Quando il compromesso non è al ribasso e non diventa ciarpame, può anche essere digerito, sopportato, ma non di certo condiviso.
Draghi, nello scegliere i ministri, non è stato decisore di ultima istanza, non ha forzato l’impalcatura del politicume come avrebbe potuto. Si è fermato, perché ha pensato che costoro – i peones del Parlamento, i capi bastone – devono comunque votarmi e possono tradirmi, soprattutto se alcuni provvedimenti dovranno passare con il voto segreto. Da qui, perché la politica è l’arte del possibile – si identifica nella realpolitick di Ottone di Bismarck – nella consapevolezza che con questo legno bisogna costruire l’arredo – un apparente cedimento ai baroni del voto in Parlamento.
E così è stato. Non si spiega che Forza Italia abbia indicato nella rosa dei ministri la Gelmini e la Carfagna e non Tajani.

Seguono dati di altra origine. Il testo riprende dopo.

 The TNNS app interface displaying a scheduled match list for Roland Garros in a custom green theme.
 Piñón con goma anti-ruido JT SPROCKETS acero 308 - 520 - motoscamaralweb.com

Si tratta di una rappresentanza femminile già vista all’opera e senza lusinghieri risultati. La Carfagna, del resto, non sta lì per meriti politici. Ricordiamolo che fu presa di punta nella famosa lettera a “Repubblica “ scritta da Veronica Lario, ex consorte, ai tempi del Bunga Bunga di Berlusconi.
La Gelmini è stata un pessimo ministro della pubblica istruzione.
Bene l’ingresso di Giorgetti, capace di essere un buon mediatore e di avere lo spessore per interloquire con il mondo economico ed imprenditoriale che gli riconosce statura e credibilità.
Di Maio è una pillola amara da deglutire, perché non conosce le lingue e sta all’estero più come rappresentanza di poltrona che come capacità e principio di competenza. Di fatto – e meno male – il ministro degli Esteri è Draghi.
Rientra nel compromesso al ribasso anche il regalo a Grillo per il ministero dell’ambiente.
Negli altri dicasteri strategici – interni, economia, giustizia, salute – Draghi ha condiviso uomini che godono della sua stima.
Forse in questo ha detto la sua, per esempio nella scelta di Daniele Franco, tecnico di Banca d’Italia e della Ragioneria di Stato.
Alla cultura, tuttavia, poteva andare Vittorio Sgarbi, tecnico di prestigio ed intellettuale di valore indiscusso.
In buona sostanza questa squadra è un compromesso, forse non digeribile. Ma al Presidente del Consiglio non interessa dei ministri che non contano, ponendo nei ruoli chiave quelli di spessore, si pensi la Cartabia alla Giustizia.
Ecco, Draghi questo ha patito. Vada per il ciarpame per alcuni ministeri, ma nei posti chiave metto e condivido i migliori o quelli a me consoni. In questo è consistito il compromesso.
Lo aspettiamo sul programma sperando che sia più coraggioso.